(Crawled caption data)

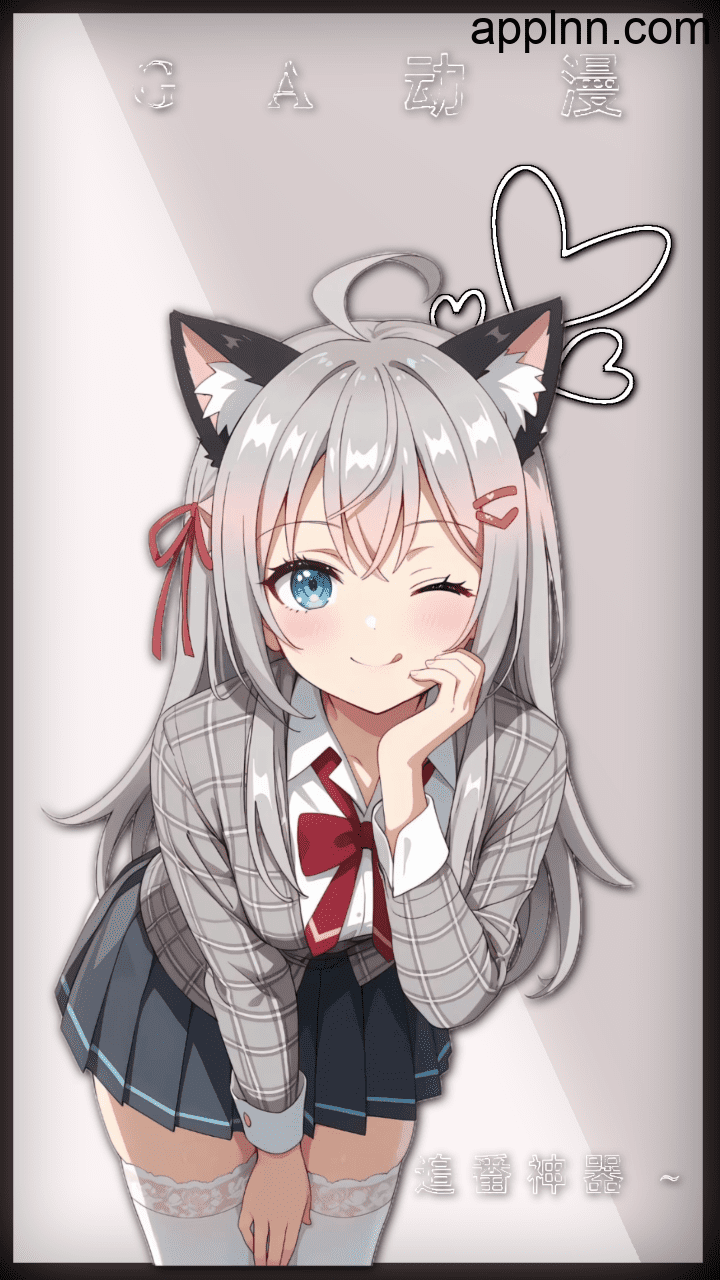 GA动漫 v1.0.2 安卓绿化无广告版插图 GA动漫 v1.0.2 安卓绿化无广告版插图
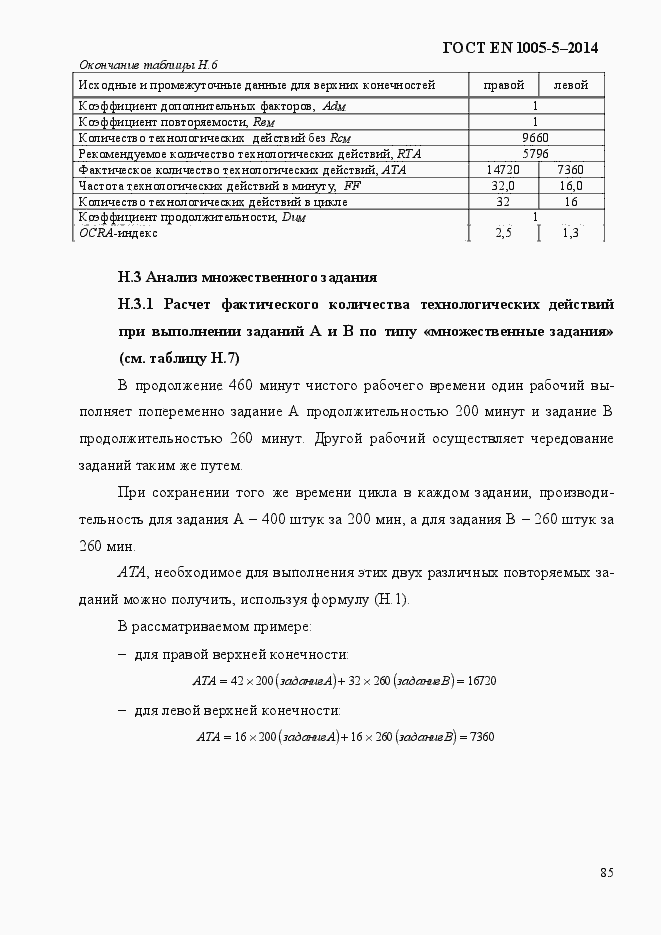 Страница 93 ГОСТ EN 1005-5-2014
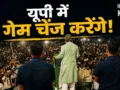 Explainer: यूपी में अभी तक खाता भी नहीं खोल पाई AIMIM, फिर किसके दम पर गेम चेंज करने के दावे कर रहे ओवैसी?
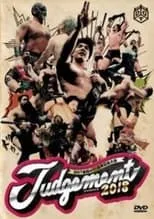 Póster de DDT Judgement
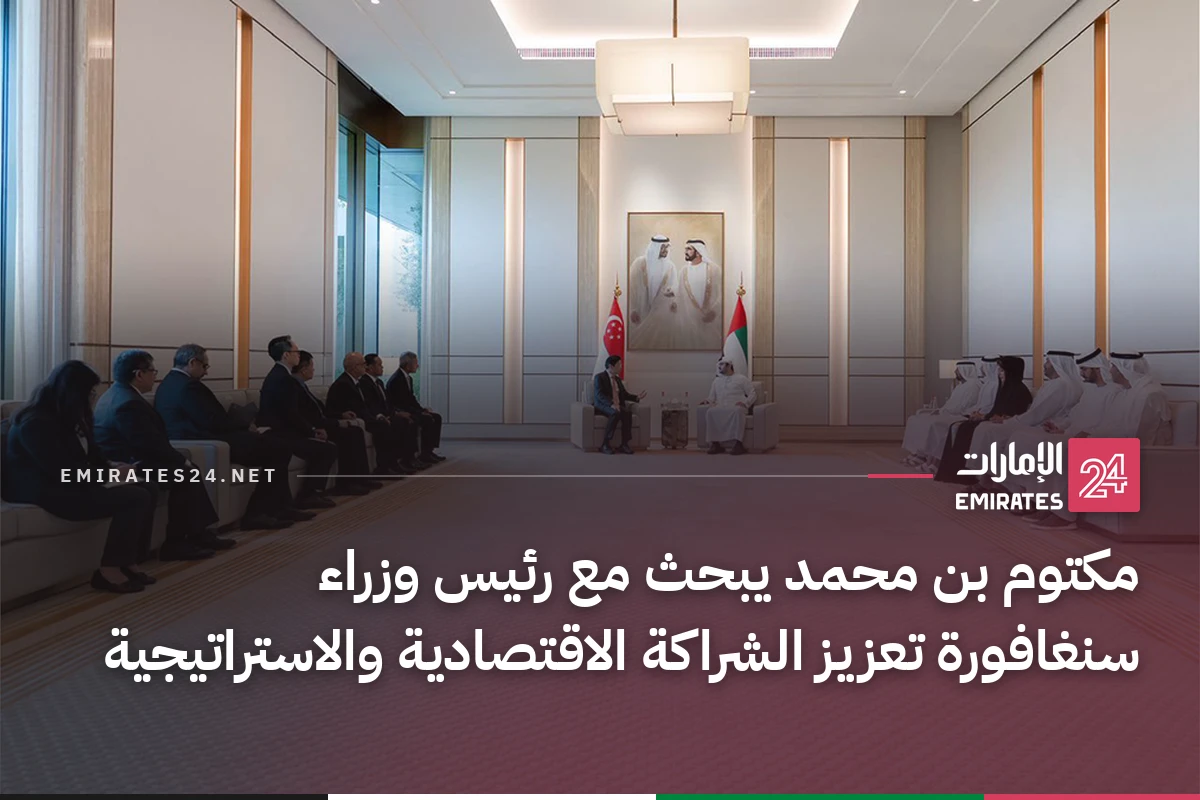 مكتوم بن محمد يبحث مع رئيس وزراء سنغافورة تعزيز الشراكة الاقتصادية والاستراتيجية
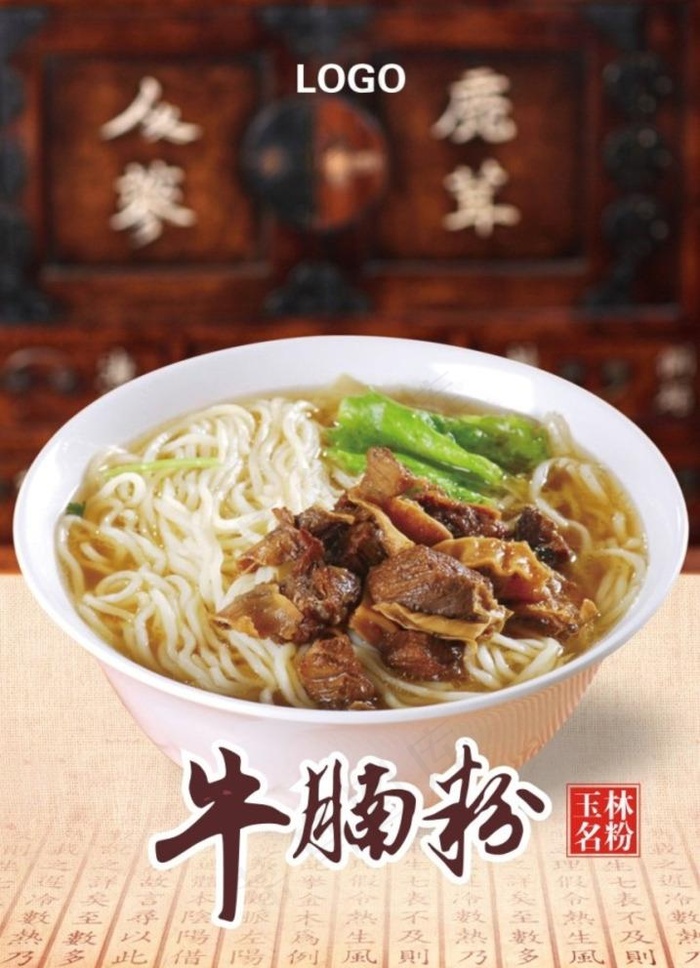 牛腩粉图片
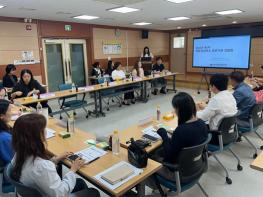 파주시정신건강복지센터, 마음안심버스 유관기관 간담회 기사 이미지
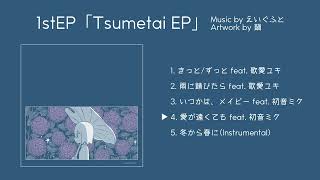 【XFD】えいぐふと1stEP『Tsumetai EP』クロスフェード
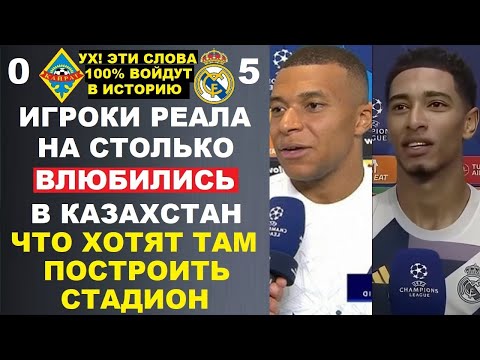 Видео: ИГРОКИ РЕАЛА ВЛЮБИЛИСЬ В КАЗАХСТАН И ХОТЯТ ПОСТРОИТЬ СТАДИОН В АЛМАТЕ. КАЙРАТ 0-5 РЕАЛ МАДРИД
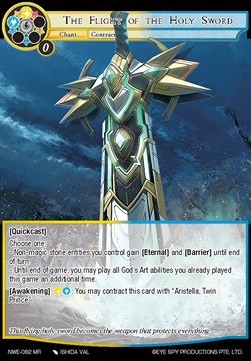 The Flight of the Holy Sword // Excalibur Chronogear - A New World Emerges...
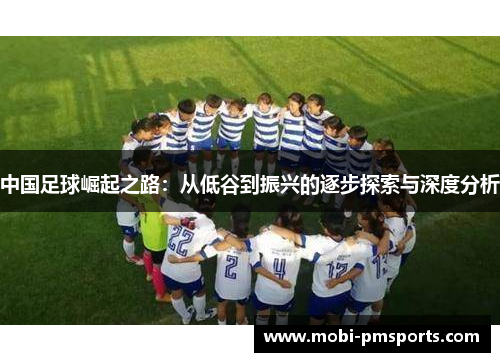 中国足球崛起之路：从低谷到振兴的逐步探索与深度分析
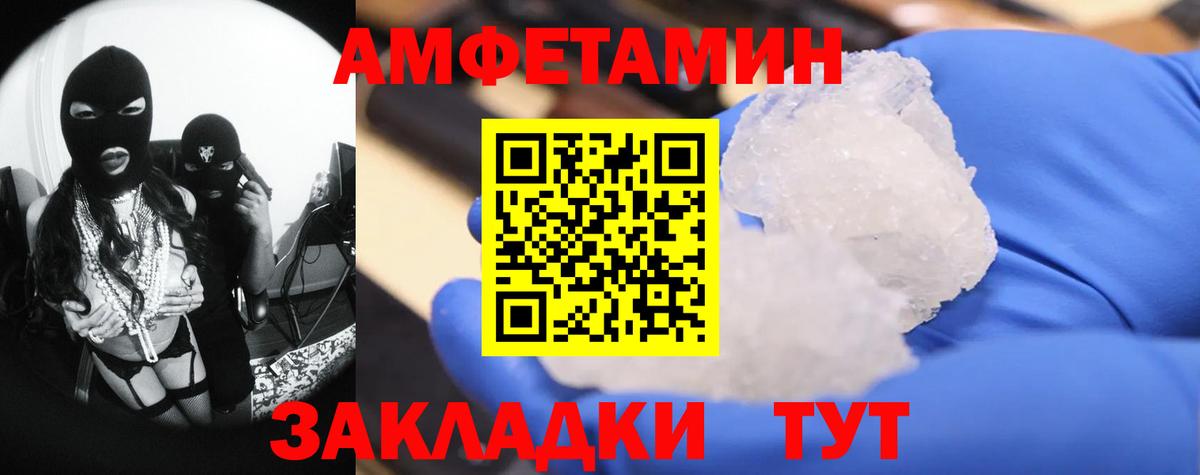 МЕТАМФЕТАМИН Декстрометамфетамин 99.9% Вышний Волочёк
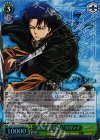 AOT/S35-032SP SP “運命への抗い”リヴァイ(サイン入り)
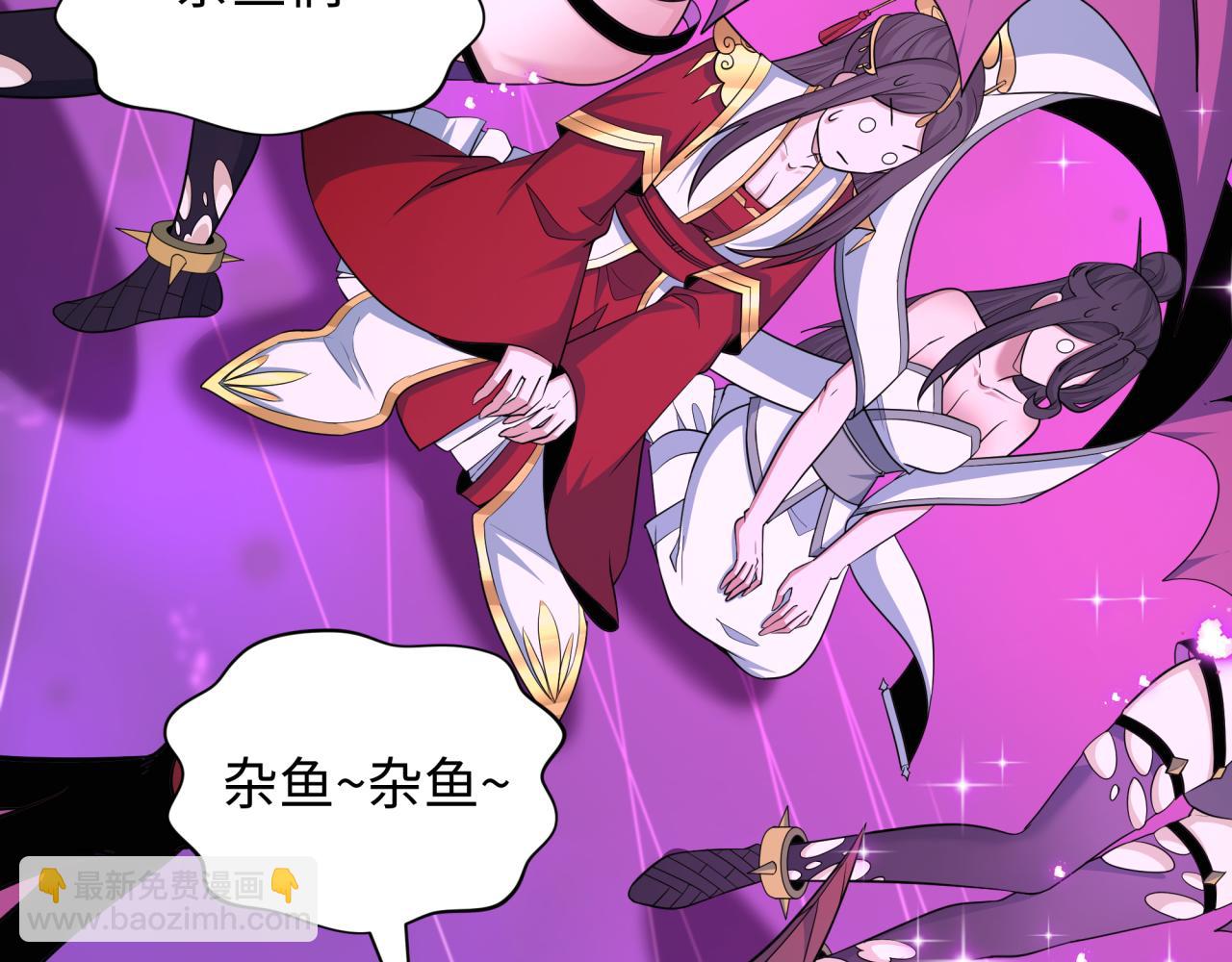 全球詭異時代 - 第433話 扶桑篇-大阪墜落！(2/4) - 6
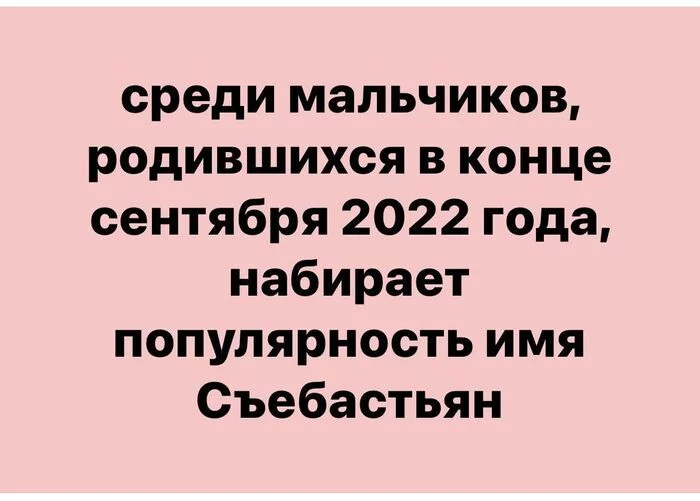 Имя, мне нужно его имя... - Имена, Мобилизация, Юмор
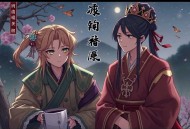 八零娇娇女_重生八零年代爽文_发家致富_团宠小福女_多人有声剧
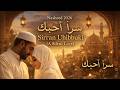 Sirran Uhibbuki (A Silent Love) – Nasheed 2026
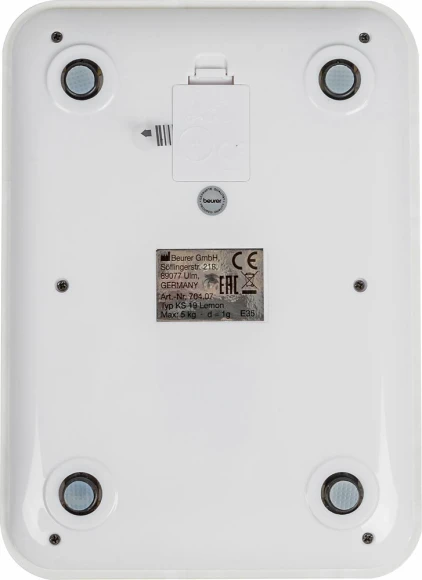 Весы кухонные электронные Beurer KS19 lemon макс.вес:5кг рисунок Весы кухонные электронные Beurer KS19 lemon макс.вес:5кг рисунок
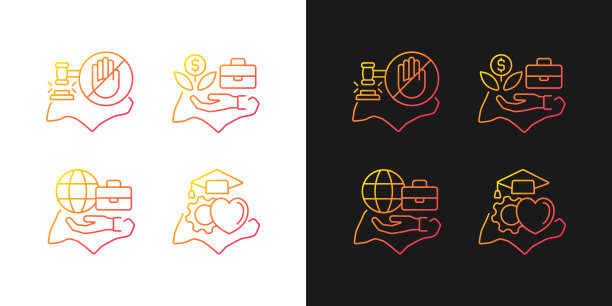 生活在新加坡的渐变图标设置为暗和光模式图片下载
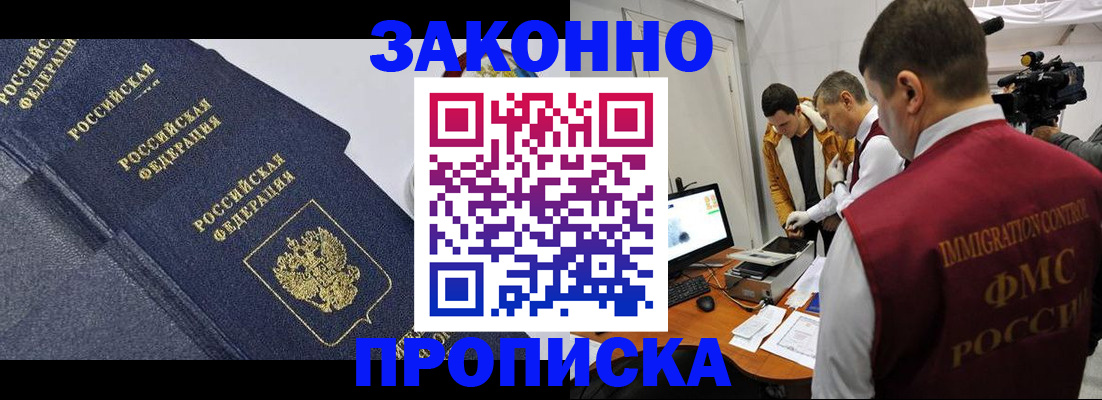 прописка для кредита в Ипатово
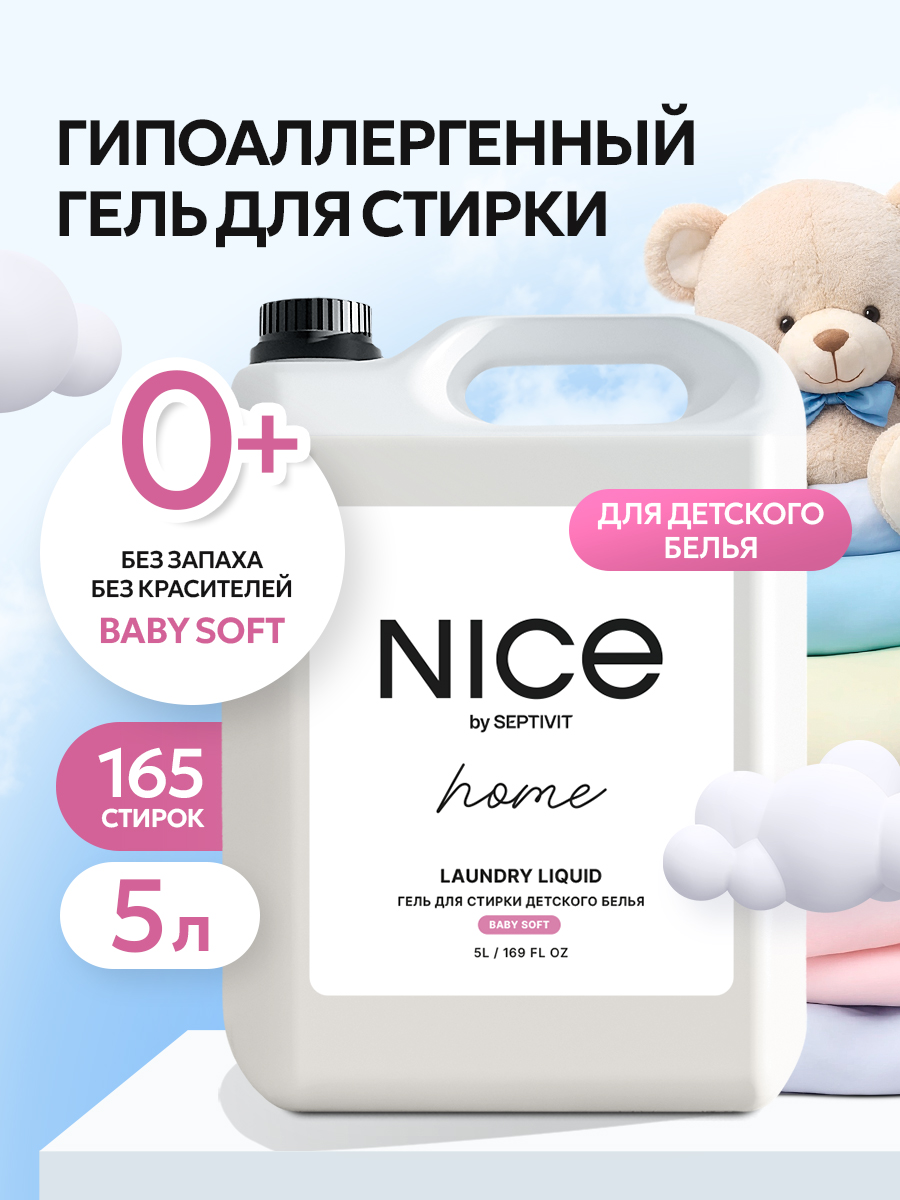 Гель для стирки детского белья NICE by Septivit Без запаха 5л - фото 1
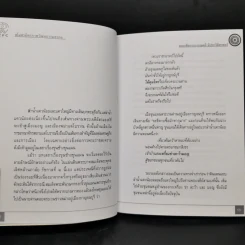มองเส้นทางวรรณคดีมีประวัติศาสตร์ - ทองแถม นาถจำนง รูปที่ 12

■ **Brief**
Starting with the line that has "прописка для кредита в Ипатово" and ending with the last line of the records, retype every line exactly and only those lines. Do not include the pictures.

■ **Response area**
 прописка для кредита в Ипатово
 Гель для стирки детского белья NICE by Septivit Без запаха 5л - фото 1
มองเส้นทางวรรณคดีมีประวัติศาสตร์ - ทองแถม นาถจำนง รูปที่ 12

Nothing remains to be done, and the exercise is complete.